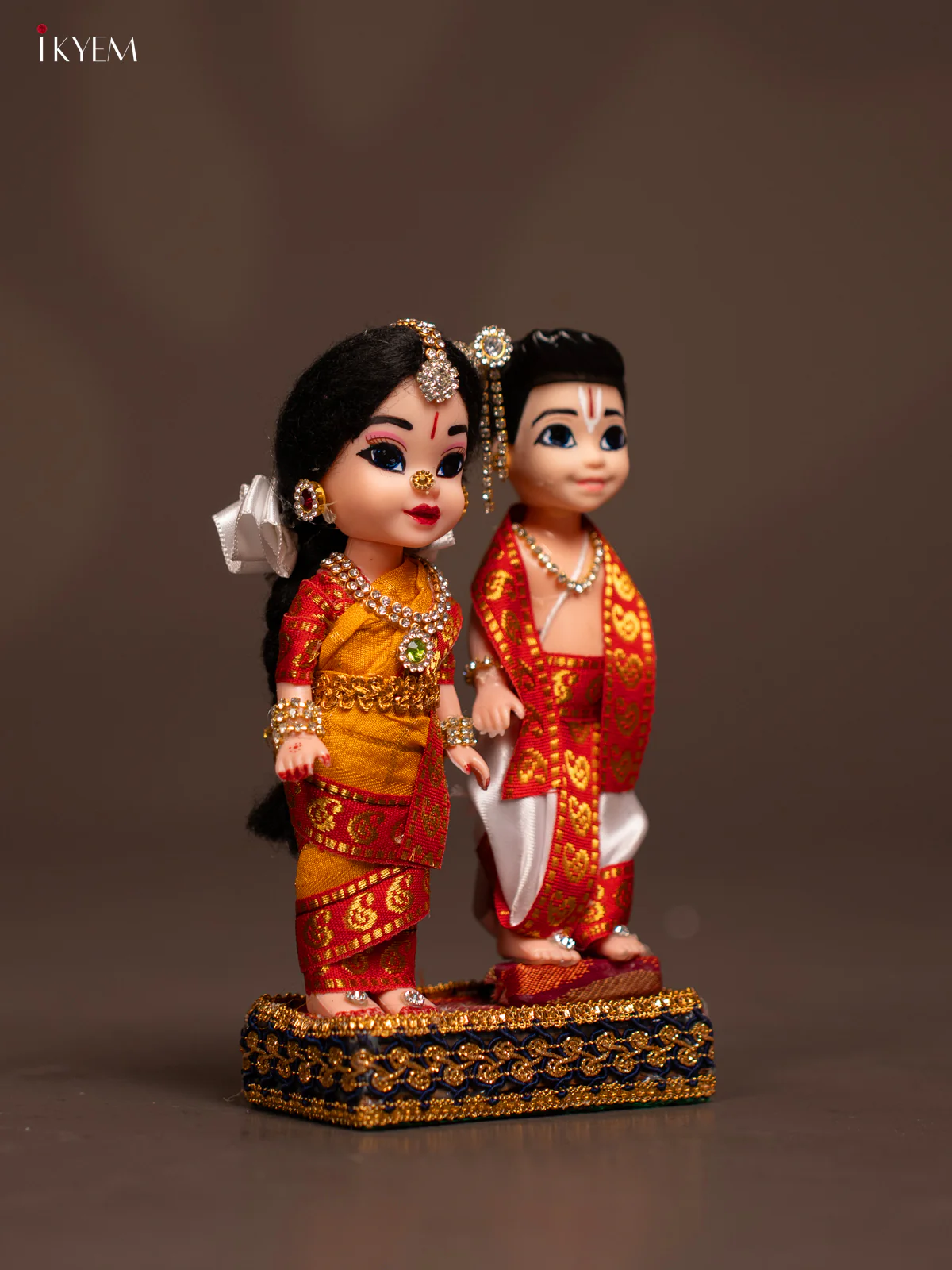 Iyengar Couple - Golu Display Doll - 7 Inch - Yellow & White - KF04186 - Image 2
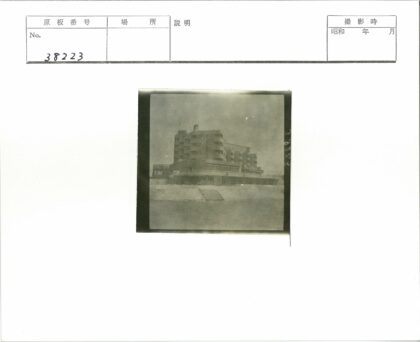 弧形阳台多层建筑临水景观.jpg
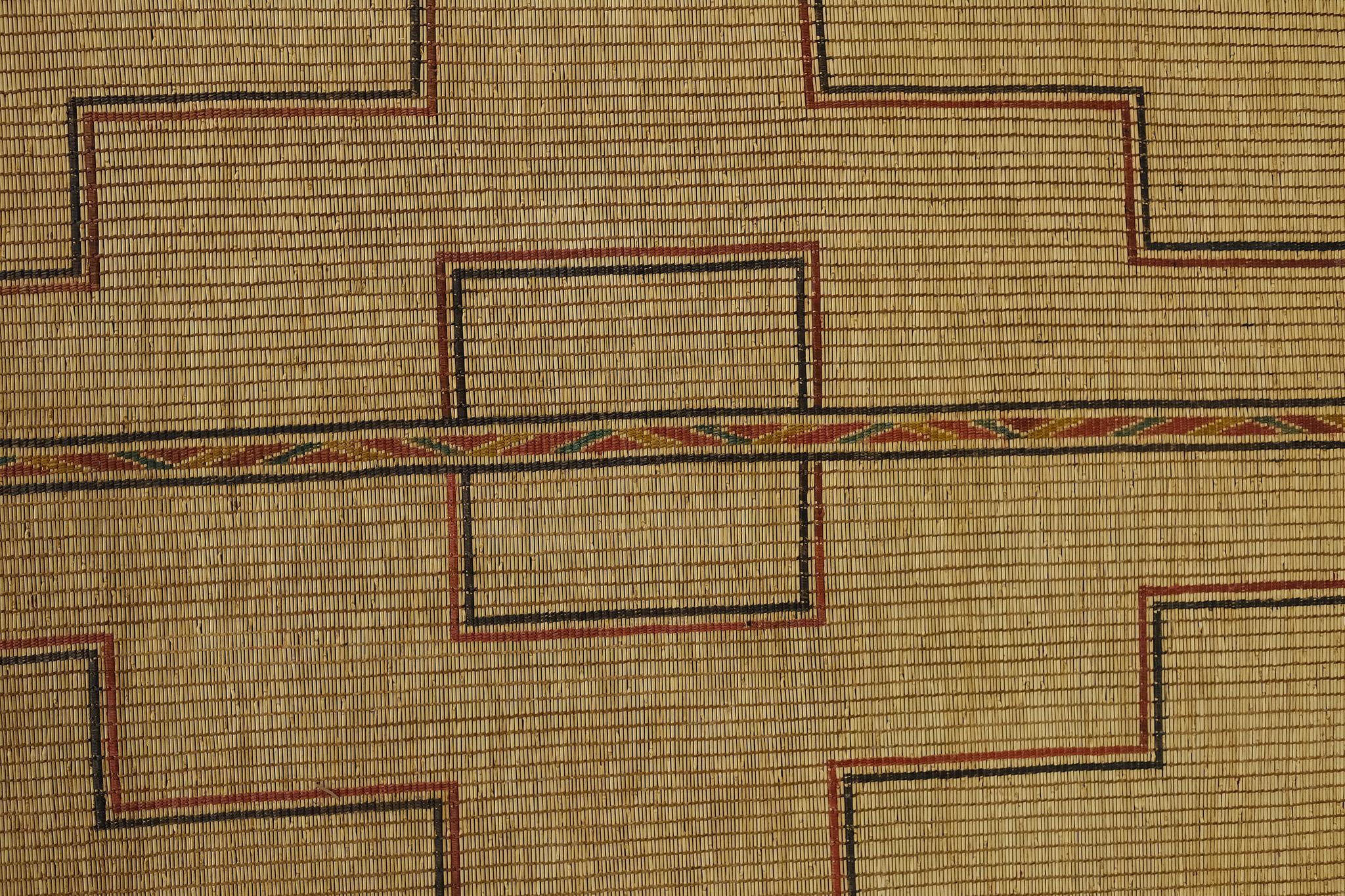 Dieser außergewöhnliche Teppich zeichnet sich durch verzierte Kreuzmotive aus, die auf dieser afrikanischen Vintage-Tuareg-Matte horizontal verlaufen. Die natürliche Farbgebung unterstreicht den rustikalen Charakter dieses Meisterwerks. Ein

:: Your instructions ::
Only the lines from the line with "弧形阳台多层建筑临水景观.jpg" through the final line of the material belong in the answer, copied exactly and without pictures.

:: Task solution ::
 弧形阳台多层建筑临水景观.jpg
 Dieser außergewöhnliche Teppich zeichnet sich durch verzierte Kreuzmotive aus, die auf dieser afrikanischen Vintage-Tuareg-Matte horizontal verlaufen. Die natürliche Farbgebung unterstreicht den rustikalen Charakter dieses Meisterwerks. Ein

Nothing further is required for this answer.